Every line from the one containing "Décoration pour plantes" through the end of the listing below goes in the output, exactly and without pictures.

**Data section**

--------------------

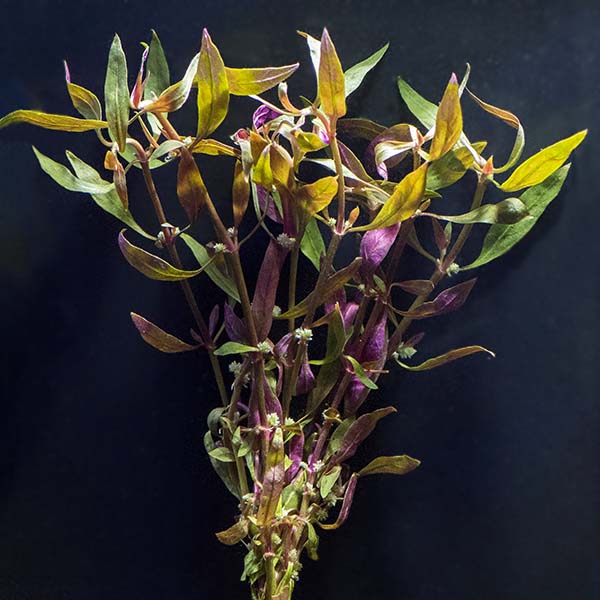 Telanthera Plant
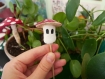 Décoration pour plantes en forme de champignons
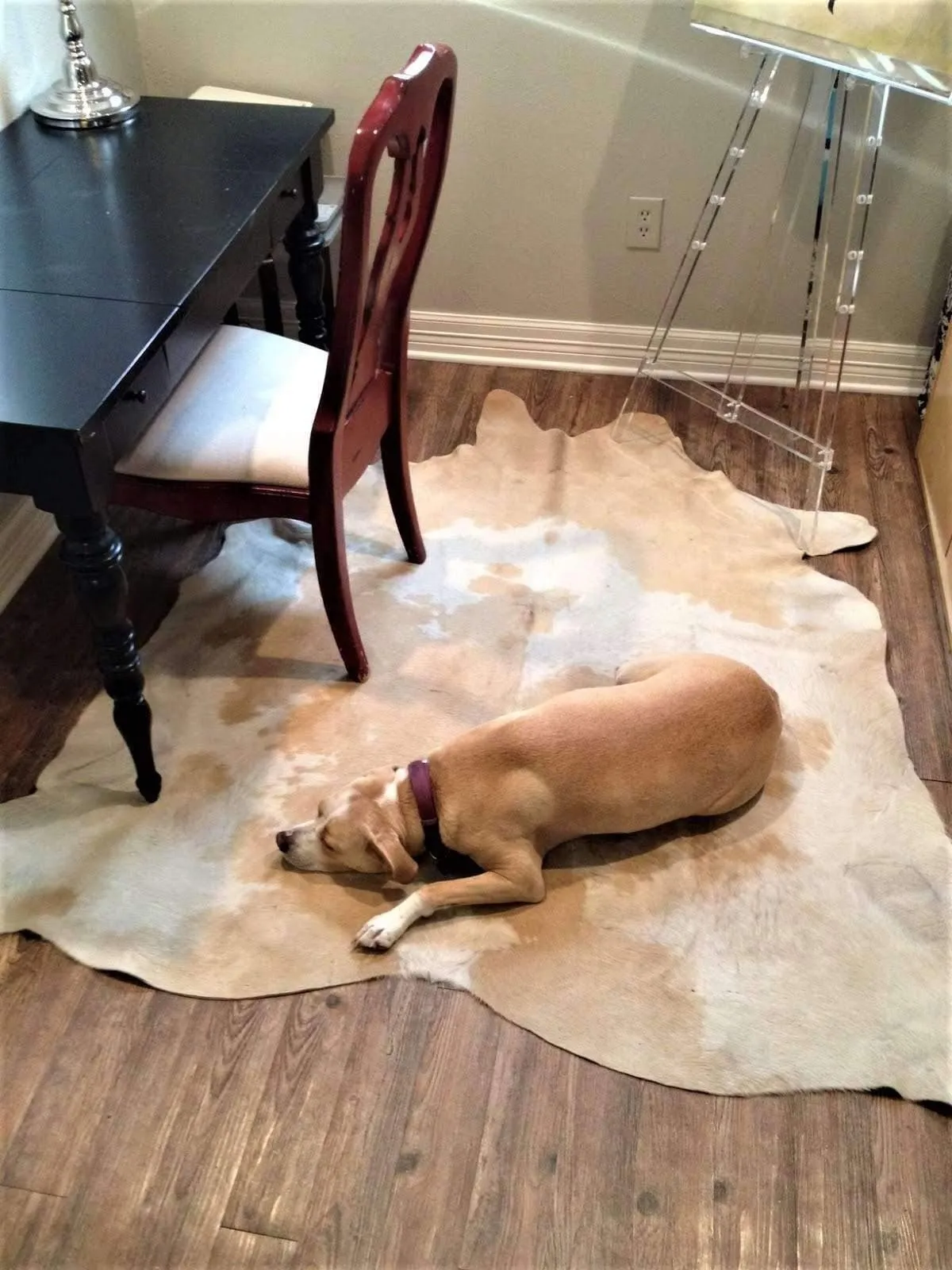 Palomino and White Brazilian Cowhide Rug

--------------------

**Answer to the problem**
 Décoration pour plantes en forme de champignons
 Palomino and White Brazilian Cowhide Rug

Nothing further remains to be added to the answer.